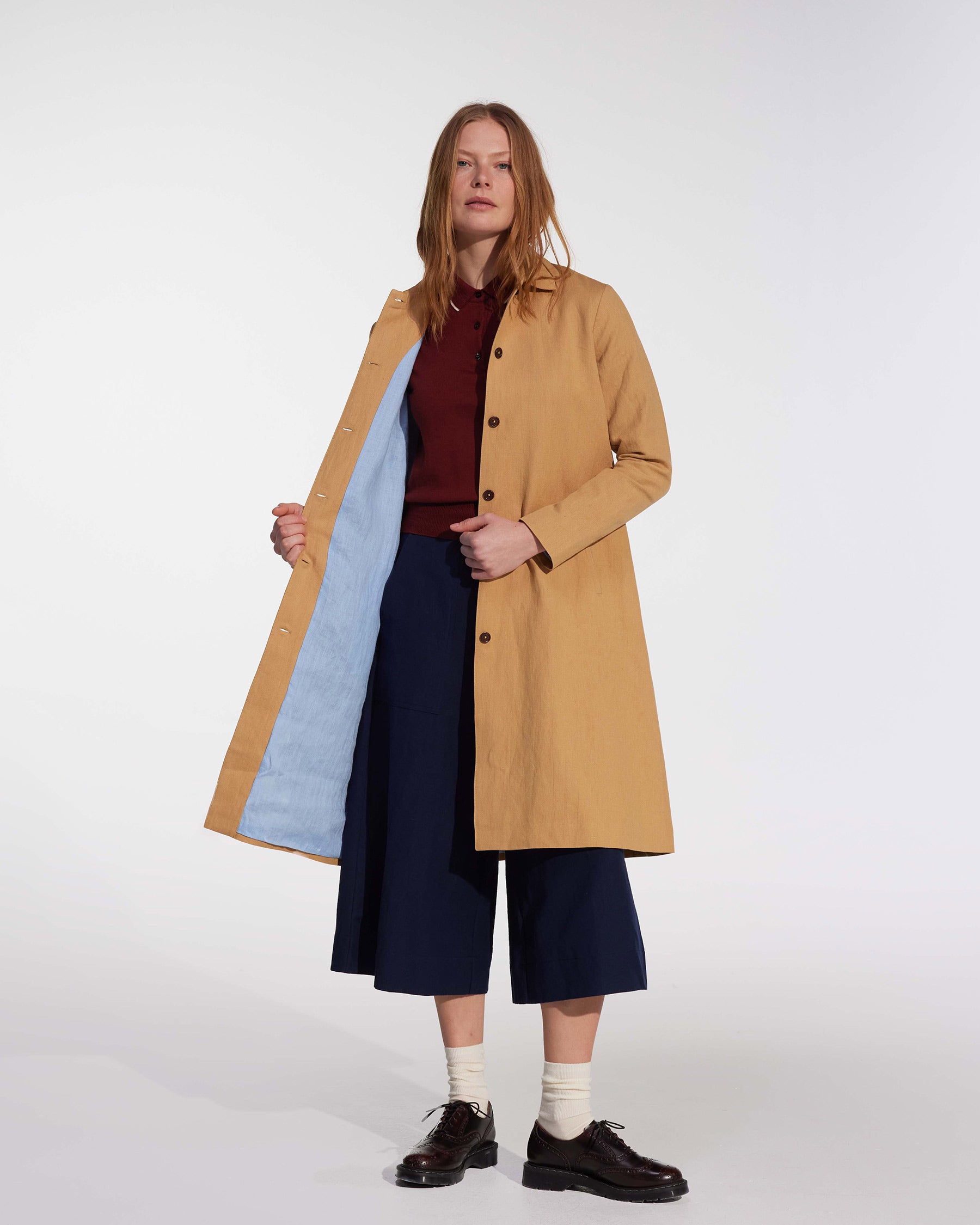 A person stands confidently in the Pyne and Smith Clothiers Coat No.11 in Lark Tan Cotton Linen Canvas, worn over a maroon top, navy wide-leg pants, white socks, and dark shoes against a plain light background.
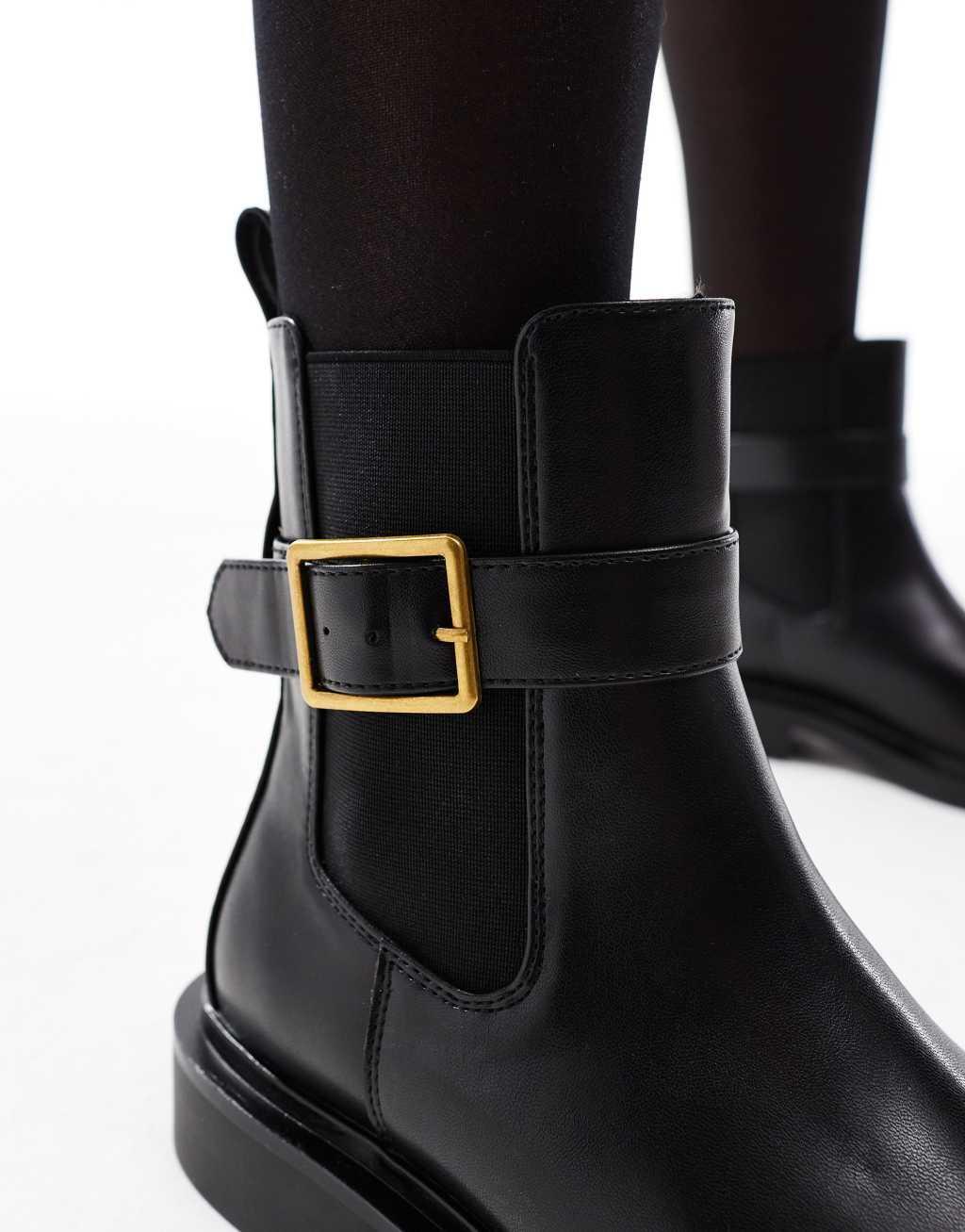 ASOS DESIGN Wide Fit Aurora flat boots with buckle strap in black Product Image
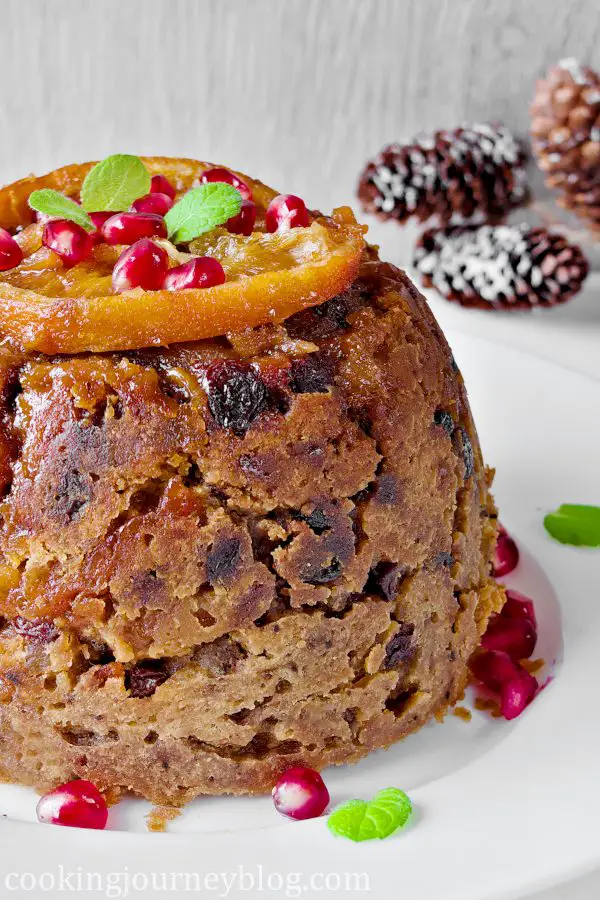 Steamed Christmas pudding with orange, pomegrante and mint.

──────────

• Assignment: Would you retype exactly the lines running from the line that contains "ASOS DESIGN Wide" through the end of the listing above, both included? Skip every picture.

• Solution to the problem:
 ASOS DESIGN Wide Fit Aurora flat boots with buckle strap in black Product Image
 Steamed Christmas pudding with orange, pomegrante and mint.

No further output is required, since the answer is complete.